## Work request
Would you write out the entries again, exactly as they are, but without images?

## Dataset extract
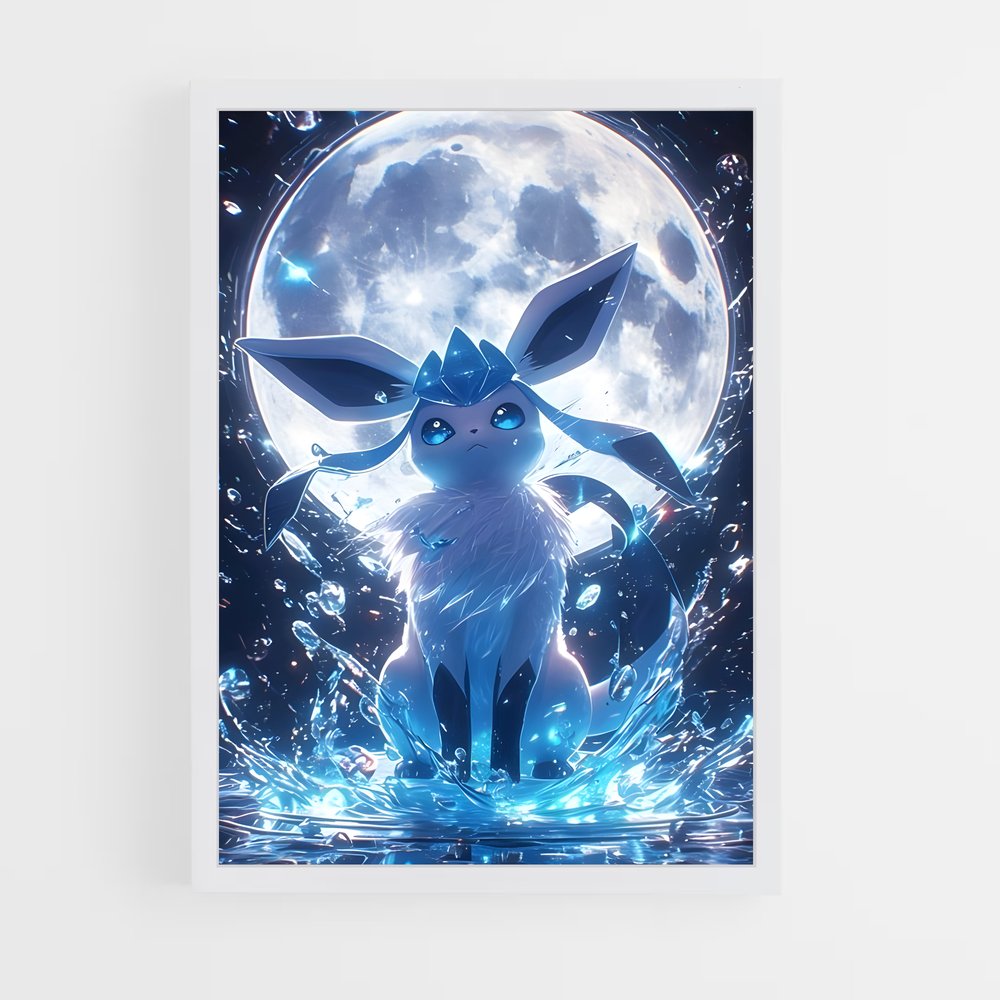 Poster Glaceon Éblouissant – affiche Pokemon (vue 3)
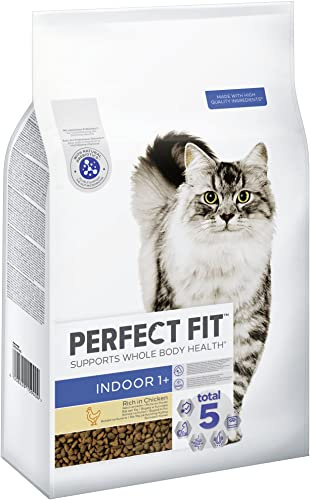PERFECT FIT Indoor Adult Trockenfutter für erwachsene Katzen ab 1 Jahr - Huhn, 7 kg (1 Beutel)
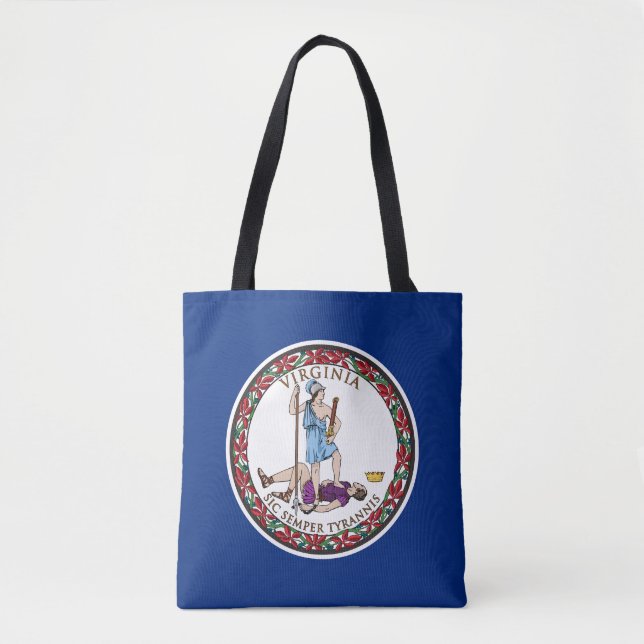 Virginia State Flag Tote Bag (Front)
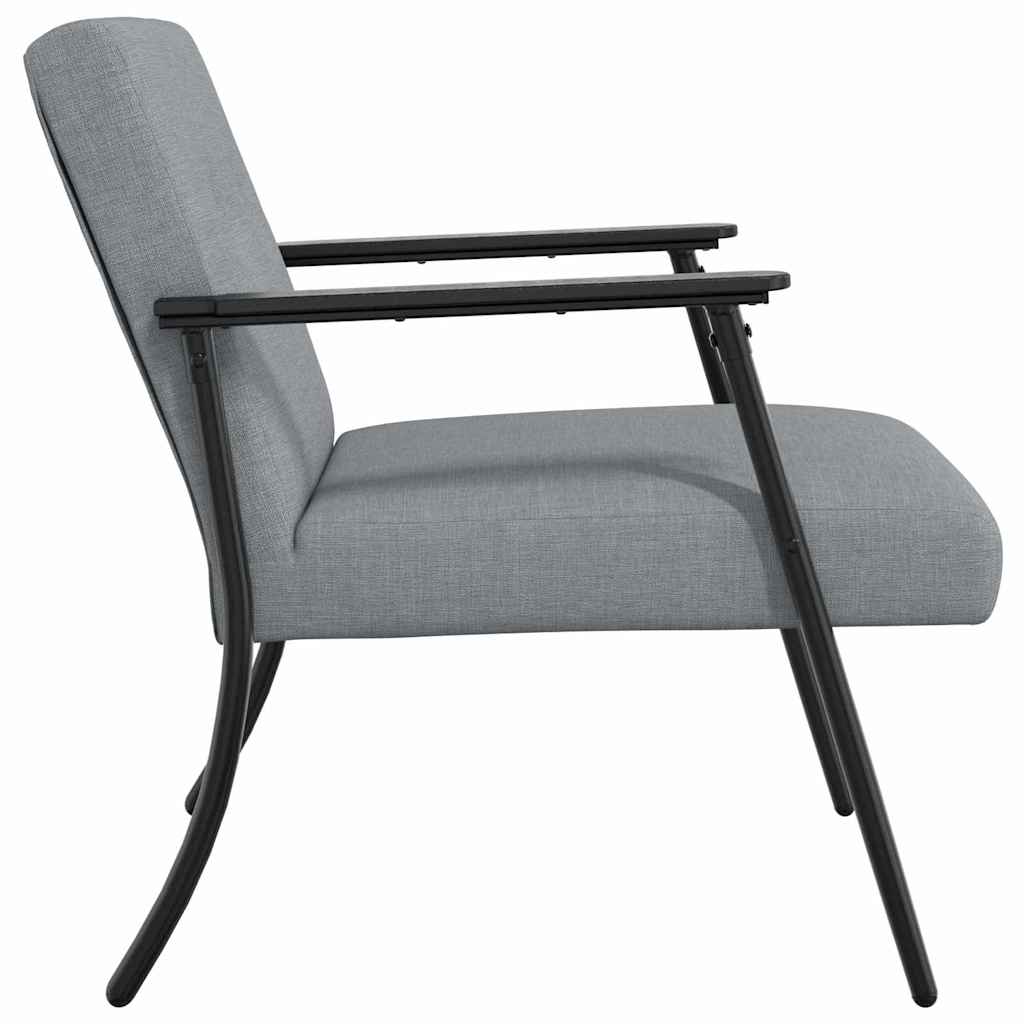 poltrona Grigio chiaro 59 x 75 x 78 cm Tessuto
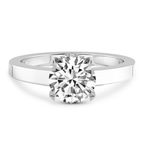 14kt White Gold Ember Secret Halo Lab Diamond Ring front image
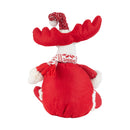 Livingandhome Cute Xmas Reindeer Plush Stuffed Christmas Toy for Children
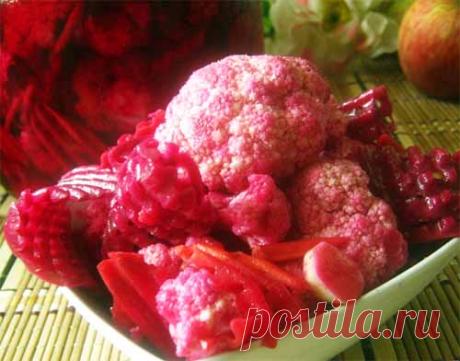 Маринованная цветная капуста "Розовые облака"
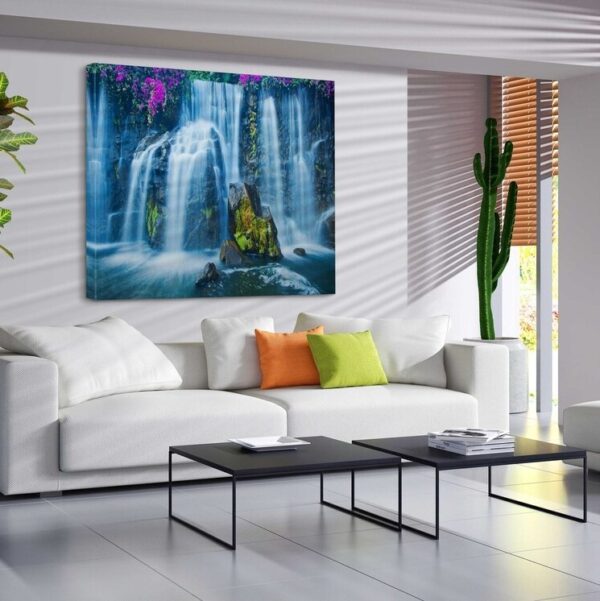 Lovely Waterfall Nature Canvas Wall Art Print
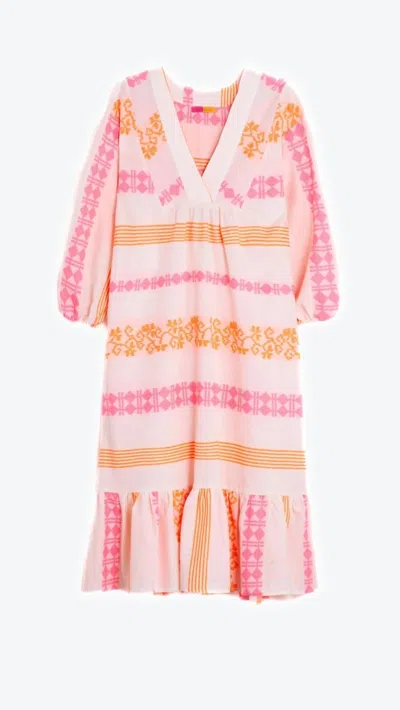 Vilagallo Women's Fabrizia Milos Dress In Multi In Pink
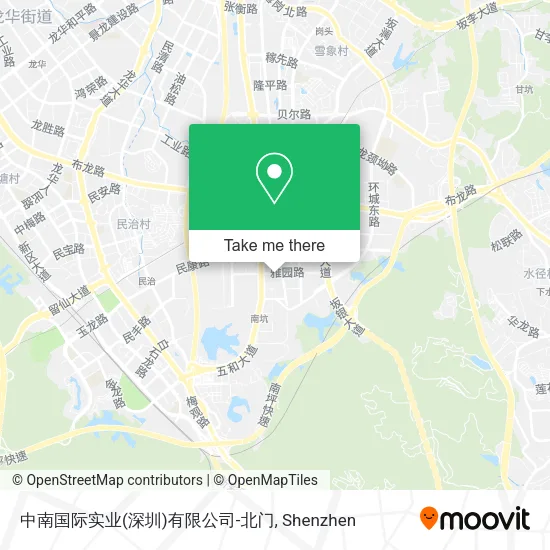 中南国际实业(深圳)有限公司-北门 map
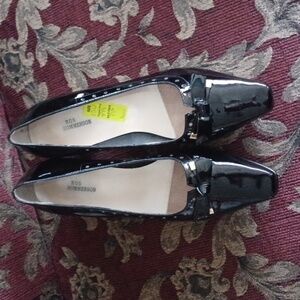 Ros Hommerson Glossy Black Heels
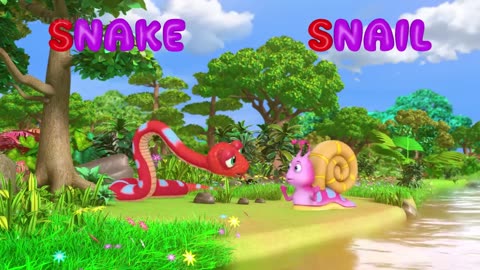 Phonics Song 2 with TWO Words in 3D - A For Airplane - ABC Alphabet Songs with Sounds for Children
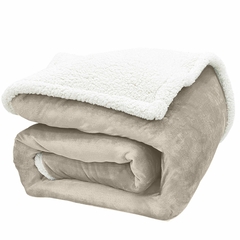 Imagen de Edredon Flannel Corderito Mouton Twin
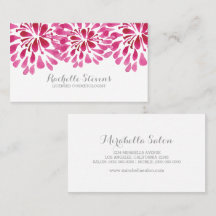 Rosa Watercolor Chrysanthemums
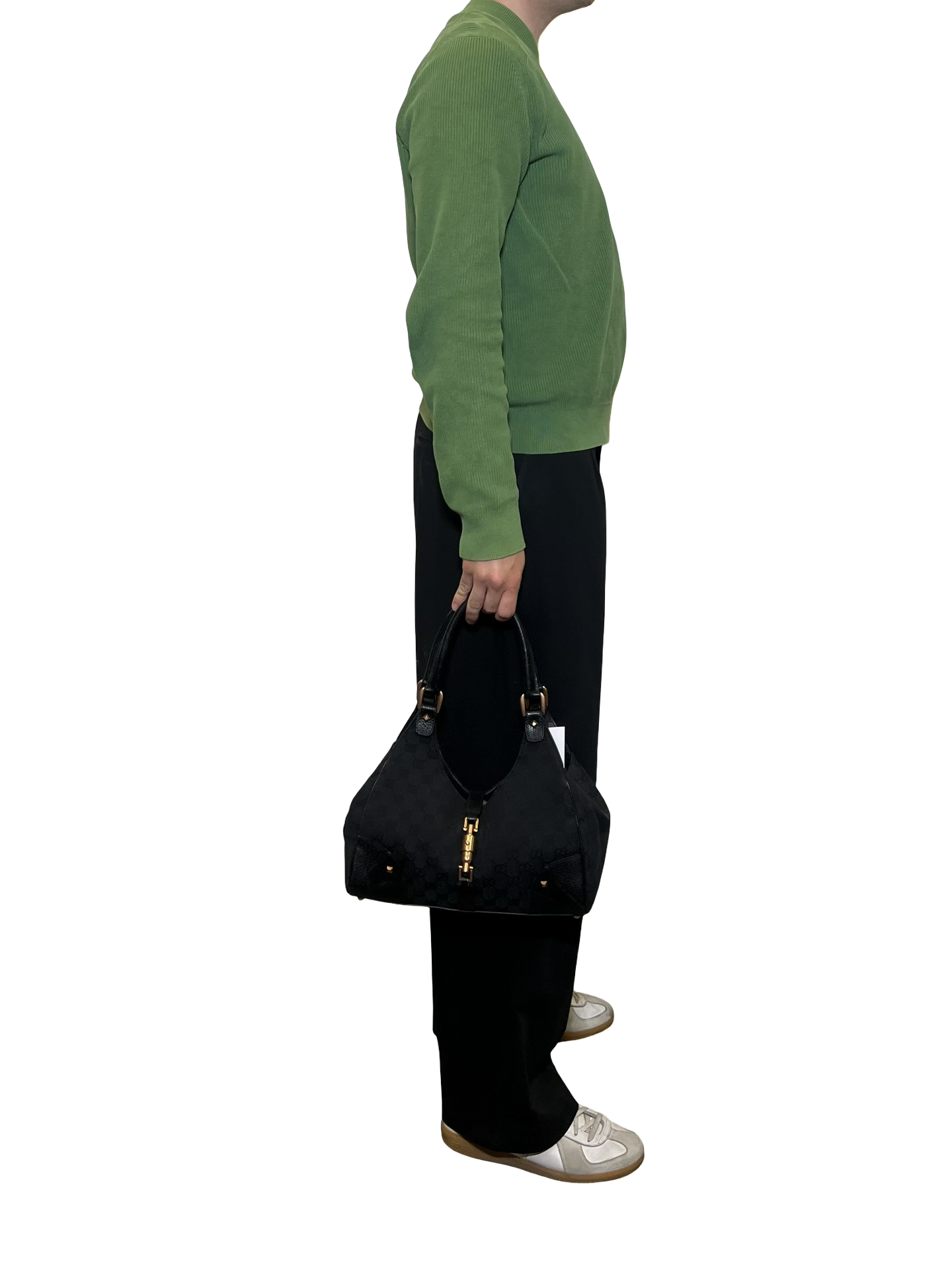 Gucci Monogram Jackie Shoulder Bag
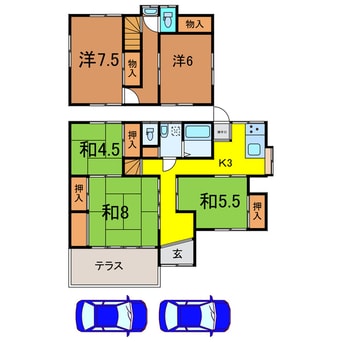 間取図 滝澤貸家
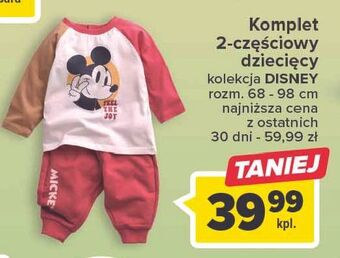 Carrefour Komplet niemowlęcy 68-98 cm oferta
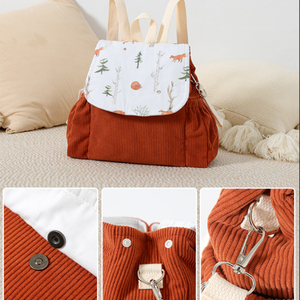 <span class=keywords><strong>Zaino</strong></span> per Bambini in Corduroy con Stampa Animale Carina, Ideale per <span class=keywords><strong>Asilo</strong></span> e Scuola, Vendita all'Ingrosso - Product Image 6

## Solution to this problem
 Poster Glaceon Éblouissant – affiche Pokemon (vue 3)
PERFECT FIT Indoor Adult Trockenfutter für erwachsene Katzen ab 1 Jahr - Huhn, 7 kg (1 Beutel)
 Virginia State Flag Tote Bag (Front)
 poltrona Grigio chiaro 59 x 75 x 78 cm Tessuto
 14kt White Gold Ember Secret Halo Lab Diamond Ring front image
 Livingandhome Cute Xmas Reindeer Plush Stuffed Christmas Toy for Children
 Маринованная цветная капуста "Розовые облака"
 Lovely Waterfall Nature Canvas Wall Art Print
 Vilagallo Women's Fabrizia Milos Dress In Multi In Pink
 中南国际实业(深圳)有限公司-北门 map
 Ros Hommerson Glossy Black Heels
 Phonics Song 2 with TWO Words in 3D - A For Airplane - ABC Alphabet Songs with Sounds for Children
 Imagen de Edredon Flannel Corderito Mouton Twin
 Rosa Watercolor Chrysanthemums
 Gucci Monogram Jackie Shoulder Bag
 間取図 滝澤貸家
 Carrefour Komplet niemowlęcy 68-98 cm oferta
 <span class=keywords><strong>Zaino</strong></span> per Bambini in Corduroy con Stampa Animale Carina, Ideale per <span class=keywords><strong>Asilo</strong></span> e Scuola, Vendita all'Ingrosso - Product Image 6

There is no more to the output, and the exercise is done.